New Laws as of January 1st

December 27, 2021
In addition to marking the start of a new year, January 1 also marks the enactment of new laws in our state. Please remember that some laws passed in 2021 won't take effect until later in the year or in 2023, e.g. recreational cannabis. Below I've gathered just a few that will go into effect on the first of the year which I think will be of interest to you.

Paid Family and Medical Leave Program
Connecticut's landmark Paid Family and Medical Leave Program will start accepting applications for claims of qualifying events, such as birth or adoption of a child, illness of a family member or one's self, on or after January 1.

Under the program, which the legislature passed in 2019, eligible workers will be able to take up to 12 weeks of time off from work without losing income. This money comes from a pool created by a payroll deduction of one half of one percent, and the combined power of that pool will mean people will no longer be forced to choose between work or health.

Connecticut is only the eighth state in the nation to enact a paid family and medical leave program. Currently, only 13% of private-sector workers in the United States have access to paid family and medical leave.

The program is administered by the Connecticut Paid Leave Authority. Applications can be submitted starting in January 2022 through the website at or via email, fax, phone, or mail. The toll-free application hotline is 877-499-8606.

An Act Concerning Immunizations
While COVID-19 is taking up most of our health concerns, it is not the only disease requiring vaccination. Starting Jan. 1, no religious exemption from state-mandated childhood immunizations for students attending public and private schools (including higher education institutions) will be given.  Starting Jan. 1, all children entering school must be vaccinated against:

  • Diphtheria
  • Measles
  • Mumps
  • Pertussis
  • Poliomyelitis
  • Rubella
  • Tetanus

Exemptions submitted before April 28, 2021 for those enrolled in kindergarten or higher will be grandfathered in.

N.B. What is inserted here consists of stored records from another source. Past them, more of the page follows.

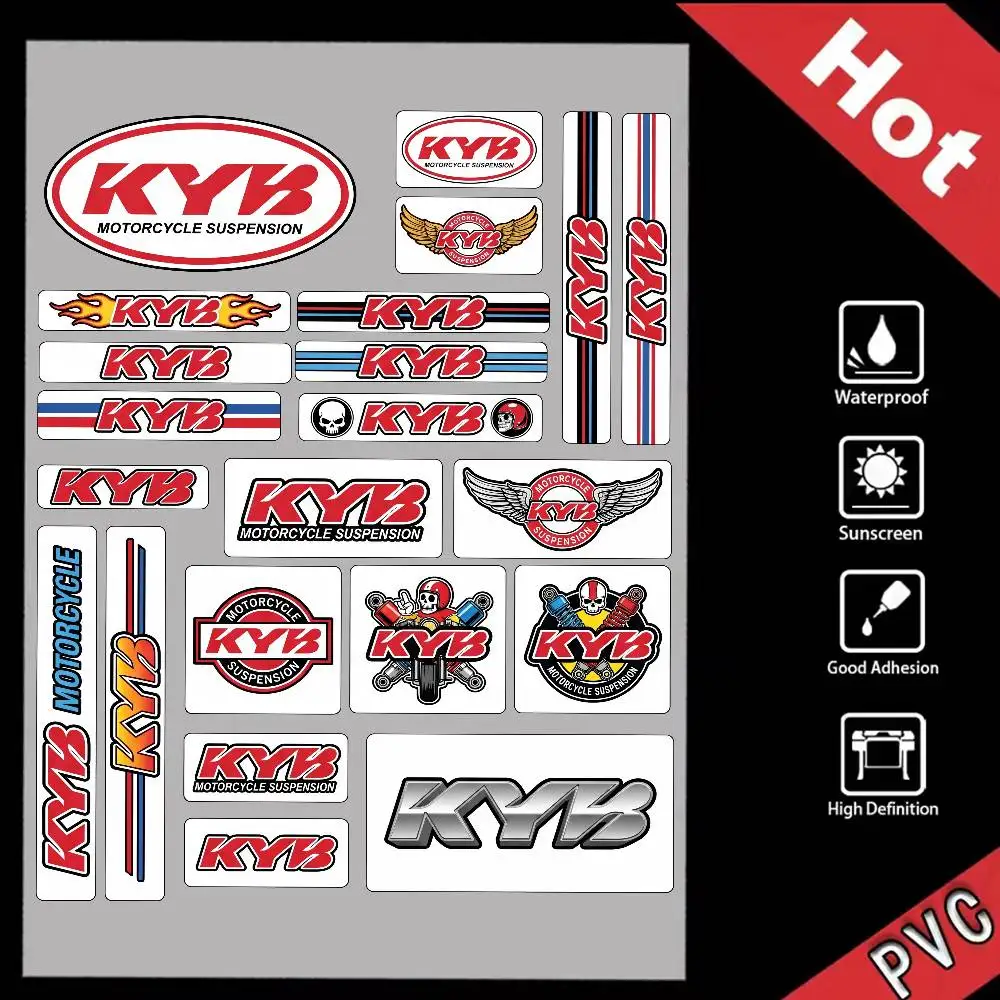 FOR KYB MOTO Waterproof Reflective Scratch Cover Sticker Universal Decor Decal For Car Motorcycle Helmet Refrigerator
FOR KYB MOTO Waterproof Reflective Scratch Cover Sticker Universal Decor Decal For Car Motorcycle Helmet Refrigerator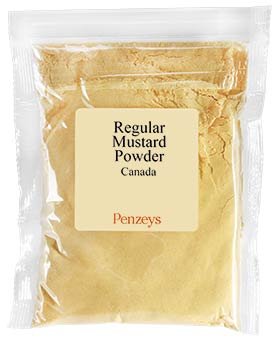 Penzeys Mustard Powder Regular By Spices 5.8 oz 1.5 cup bag (Pack of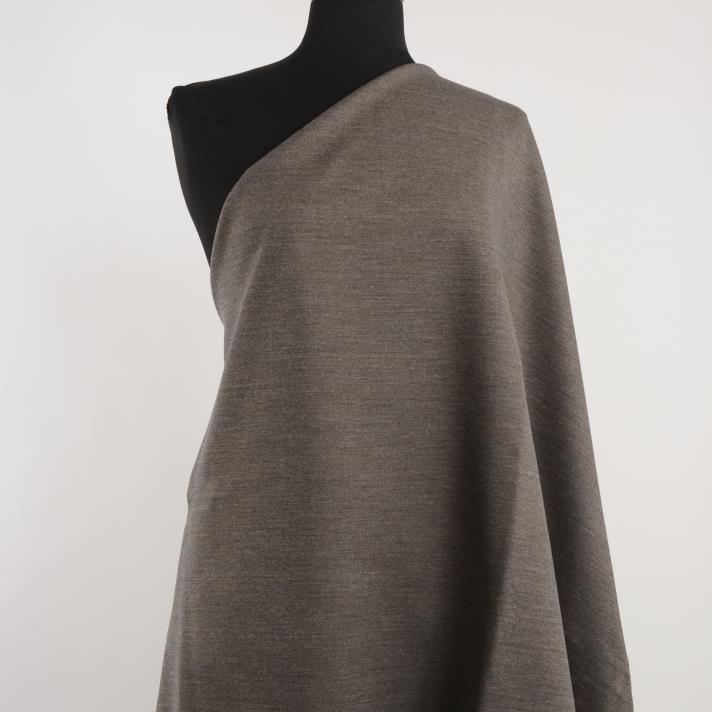 Jersey, Lana, Melange, Mud (F000029623) - Manichino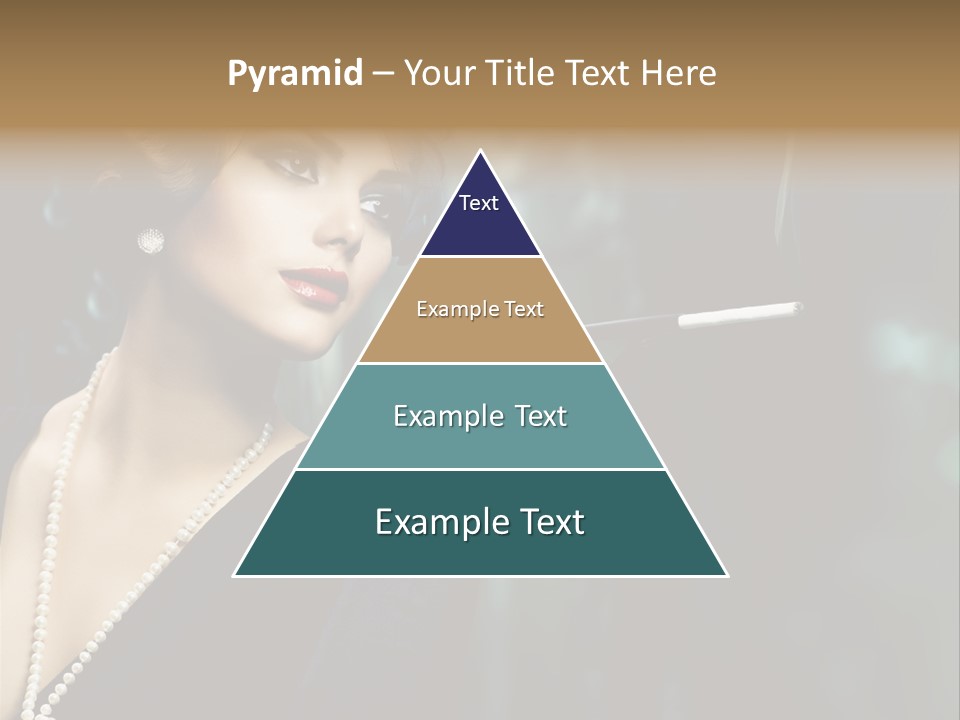 Smokey Make Classic PowerPoint Template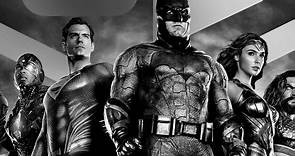 'La Liga de la Justicia de Zack Snyder' en blanco y negro ya está aquí: HBO España estrena 'La justicia es gris'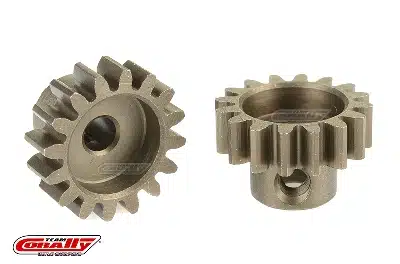 Team Corally - 32 DP Motorritzel - Stahl gehärtet - 16 Zähne - Welle 3.17mm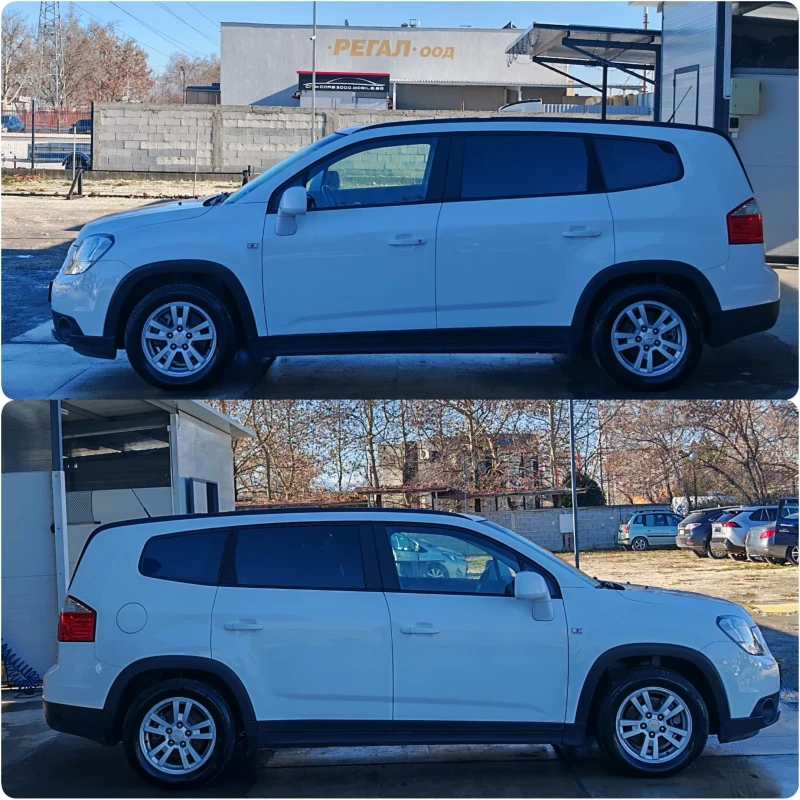 Chevrolet Orlando 1.8 141 К.С. ГАЗ БЕНЗИН! 7МЕСТА!РЕГИСТРАЦИЯ! , снимка 4 - Автомобили и джипове - 52789559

An Act Concerning the Zoning Enabling Act, Accessory Apartments, Training for Certain Land Use Officials, Municipal Affordable Housing Plans and a Commission on Connecticut's Development and Future
The legislature took a much needed step in increasing affordable housing so that people such as students, retirees, empty-nesters, and town workers can afford to live in our district. Starting Jan. 1, it will be permissible for housing such as garage apartments, in-law suites or “granny pods” to be constructed and leased to family or other tenants in residential and single-family areas, provided they are appropriate to the scale and architecture of the town. 

An Act Establishing a Tax Credit for Employers That Make Payments on Certain Loans Issued to Employees by the Connecticut Higher Education Supplemental Loan Authority
This law helps both employer and employee. With costs of higher education and student debt mounting, this act seeks to encourage businesses to support their employees' financial well-being. This law gives a tax break to employers who make eligible education loan payments on a qualified employee’s behalf. The maximum credit per employee per income year is $2,625. 

An Act Concerning Dental and Vision Insurance Coverage for Children, Stepchildren, and Other Dependent Children
This law allows health, dental, and vision insurance policies to be extended to children, stepchildren, or dependents until the age of 26. Previously, stepchildren and dependents were not always covered under this provision.

The Connecticut Parentage Act
The Connecticut Parentage Act allows equal treatment under the law for same-sex couples by giving non-biological parents legal rights, regardless of parents' marital status, gender, or sexual orientation.

An Act Concerning Diabetes and High Deductible Health Plans
This new law makes life-saving insulin affordable. Starting Jan. 1, certain health insurance policies must:

  • Expand coverage for diabetes screening, drugs, and devices
  • Limit out-of-pocket costs for covered diabetes-related drugs and devices
  • Cover emergency diabetes-related drugs and devices prescribed and dispensed by a pharmacist under this law's provisions

An Act Concerning Use of Force by a Peace Officer
Starting in the new year, new provisions will limit the circumstances under which a law enforcement officer may use deadly physical force, as well as limit when officers may use chokeholds. The General Assembly made these changes in 2020 following the death of George Floyd, and a compromise was reached with law enforcement departments in Connecticut to delay the implementation of these provisions until 2022 so that officers could have more time to receive training on them.

An Act Concerning Insurance Discrimination Against Living Organ Donors and Establishing a Chronic Kidney Disease Advisory Committee
Living organ donors offer the gift of life to those waiting on the transplant list, but often face increased insurance premiums or denial of coverage following the donation. With so many waiting for a transplant, we must work to increase the amount of living organ donors. This law does exactly that by prohibiting insurers from discriminating against living organ donors.